Montenegro has 15 basic courts, two higher courts, one appellate and one Supreme Court. According to the European Commission’s Progress Report for 2013, the random allocation of cases is ensured in general, with the exception of small courts where this is not possible for practical reasons.19
First-instance jurisdiction mostly lies with basic courts as they try all cases except criminal acts for which the punishment may be imprisonment for more than 10 years, which, together with a number of crimes enumerated in the Law on Courts, are conferred upon higher courts. Higher courts also decide on appeals against judgments of basic courts. Disputes between companies are tried by specialised commercial courts. The Court of Appeals only decides upon appeals against judgments of higher courts, as well as against judgments of commercial courts.
The Administrative Court adjudicates on administrative disputes, i.e. disputes over the legality of administrative decisions, while the Supreme Court decides on extraordinary legal remedies filed against judgments of all other courts. In its plenary session, the Supreme Court, as has already been explained, also adopts general legal holdings and issues general legal opinions, with the aim of harmonising the case law.

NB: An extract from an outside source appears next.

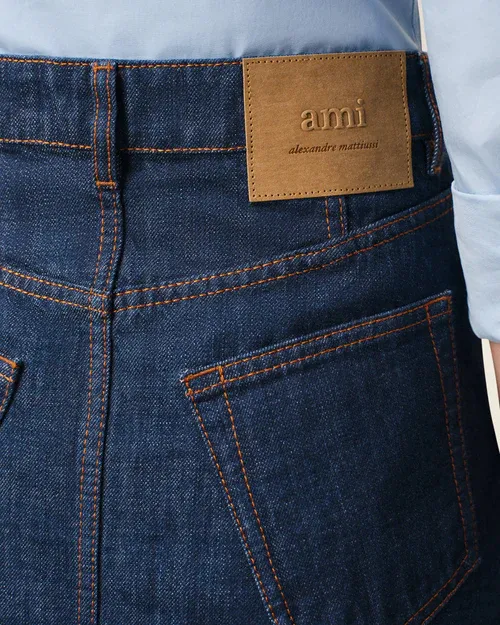 Ami Denim High-Waist Skirt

2.2 Ensuring Harmonised Interpretation of Law
Harmonising case law is an obligation imposed, by virtue of the Constitution, upon the Supreme Court.20
As has already been pointed out, the Law on Courts contains mechanisms dedicated to securing unified interpretation of law by the judiciary, both vertically and horizontally. Vertical harmonisation is achieved by virtue of the power given to the plenary session of the Supreme Court to adopt general legal holdings and to publish general legal opinions with the aim of harmonising the practice of all the other courts. The power of each court’s plenary session to adopt legal holdings and to issue legal opinions for matters falling within the competence of that court serves harmonisation at the horizontal level. The technique which the legislator applied in respect of these mechanisms is peculiar and should be noted: nowhere in the law is it expressly stipulated that adherence to the general legal holdings and opinions of the Supreme Court, and to the legal holdings and opinions of other courts respectively, is obligatory for any particular judge. The law merely posits the aim of these mechanisms: achieving a unified interpretation of law.21 It is left to the judges to draw the obvious conclusion that if these mechanisms are to serve their purpose, they need to be followed in comparable and materially similar situations. In this way, the law does not expressly bestow the status of source of law upon court precedents, but at the same time it takes significant steps in that direction.

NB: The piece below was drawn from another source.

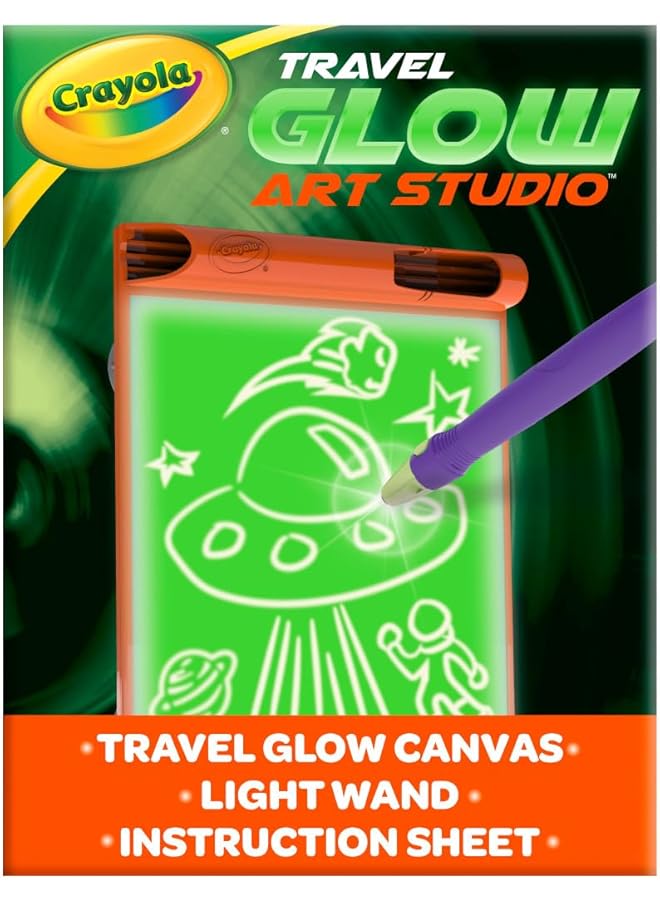 Crayola Travel Glow Art Studio Glow In The Dark Toys Kids Gifts For Girls And Boys Ages 6 7 8 9 - Image 2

In addition to the described statutory mechanisms, a major factor of harmonisation of case law within the system of courts is the pragmatic reasons of pursuit of career advancement by the judges. The lower the number of cases adjudicated by a judge that are remanded by a higher court, the greater are the chances that the judge will advance in his or her career.22 For the purpose of assessing the strength of this factor, one should consider that the European Commission’s Montenegro Progress Report for 2014 contains the following assessment:
The systems of recruitment and career development of judges and prosecutors still leave room for undue influence affecting the independence of the judiciary. Work on the legislative basis for introducing a single, countrywide recruitment system for judges and prosecutors, a system of voluntary horizontal mobility and a new system of promotion of judges and prosecutors and of periodic professional assessment of their performance is at an advanced stage. 23
Decisions of the Constitutional Court influence the case law of all other courts both directly and indirectly. The direct impact is realised through the mechanism of ‘constitutional complaint’, which may be filed with that court against a decision of any public authority, including courts, infringing upon the rights and liberties guaranteed by the Constitution. The constitutional complaint may be filed only upon the exhaustion of all other legal remedies.24 The case law of the Constitutional Court indirectly affects the practice of all other courts by virtue of the power of that court to review the constitutionality of laws and regulations.25
2.3 Grounds for Review of Compliance with International Law
The Constitution bestows upon the Constitutional Court the power to review the constitutionality of laws and regulations (bylaws) and to strike down all laws that it finds in contravention of the Constitution or of ratified and proclaimed international treaties. In line with the hierarchy of sources of law adopted by the Constitution, which assumes that international law is absorbed by the national legal system in the form of laws on ratification of international treaties, grounds for the review of bylaws and regulations below the level of laws do not encompass international law, but only national laws and the Constitution.26
2.4 Preliminary References of Constitutionality
National courts of Montenegro may not exercise a reference for a preliminary ruling of the Court of Justice of the European Union because Montenegro has not yet become a member of the EU.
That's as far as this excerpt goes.